# ECU Types



## gb95ser (Jan 11, 2003)

hey guys, haven't post here much, but i'm always looking around. awesome forum. i did a bunch of searches here, on sentra.net and se-r.net and found nothing. funny thing is, i have an FSM and couldnt even find the info in that huge ass book! anyway, my question is that i have a 1995 SE-R and i am going to purchace a JWT ecu upgrade in a week or so...so i ordered a 1995 SE-R MT ecu from a junkyard so i wouldn't have downtime while the stock ecu was at jwt. when i compared both ecu's the code on the ecu label was slightly different and when i installed the junkyard ecu i got a check engine light....car ran fine and had the 7100 fuel cut...maybe a california ecu? anyone know anything about variations of ecus or should this one work on my car? appriciate any help you guys can give me. thanks!
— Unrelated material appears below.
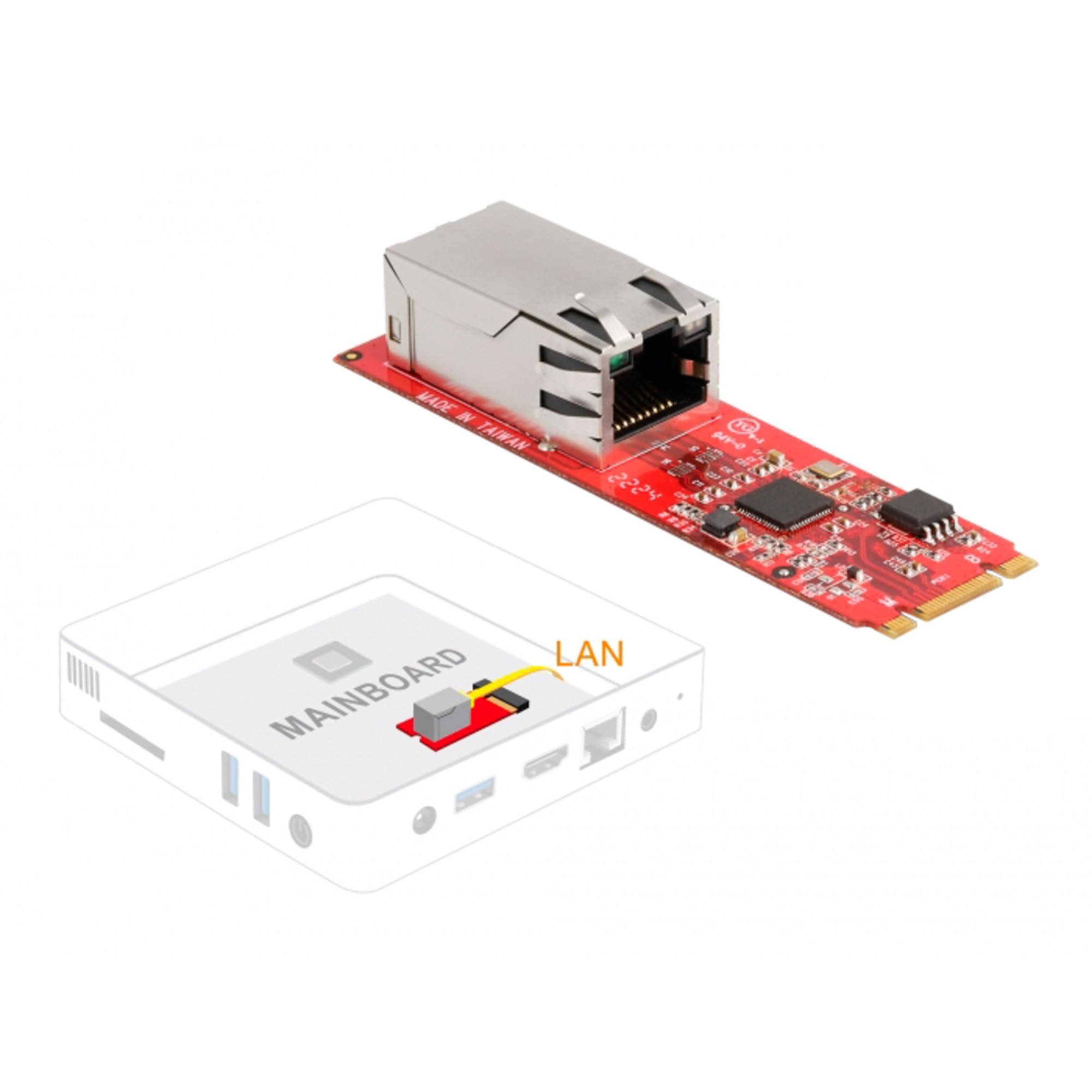 DeLock Konverter M.2 Key B+M Stecker à 1 x RJ45 2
Junkyard code: 5ZE1BW.....BW in big letters
Stock code: 5ZE13G....3G in big letters


----------



## gb95ser (Jan 11, 2003)

come on someone has to know


----------



## andre (Apr 30, 2002)

I'm pretty sure someone around here should know, but if not, try giving JWT a call....maybe they can help you. Just explain the situation....they'll be modifying the ECU for you anyway.


----------



## gb95ser (Jan 11, 2003)

bump


----------



## Lucino200sx (Apr 30, 2002)

so what did you find out?


----------



## andre (Apr 30, 2002)

D'oh, I just called JWT for a personal question today, but I forgot about your issue. Try calling them, or finding out at a dealership.


----------



## hpro123 (Apr 30, 2002)

gb95ser,

just make sure you keep your own ECU and send JWT the new one you have.

Tell them that your car has a slightly different ECU, give them the code #s of your own ECU, and state what exactly is the spec of yor car (i.e. something like 1995 B14, non-CA emmissions, MT, etc.)

They will take it into account and put the correct code in the one you will send them.

Chris


----------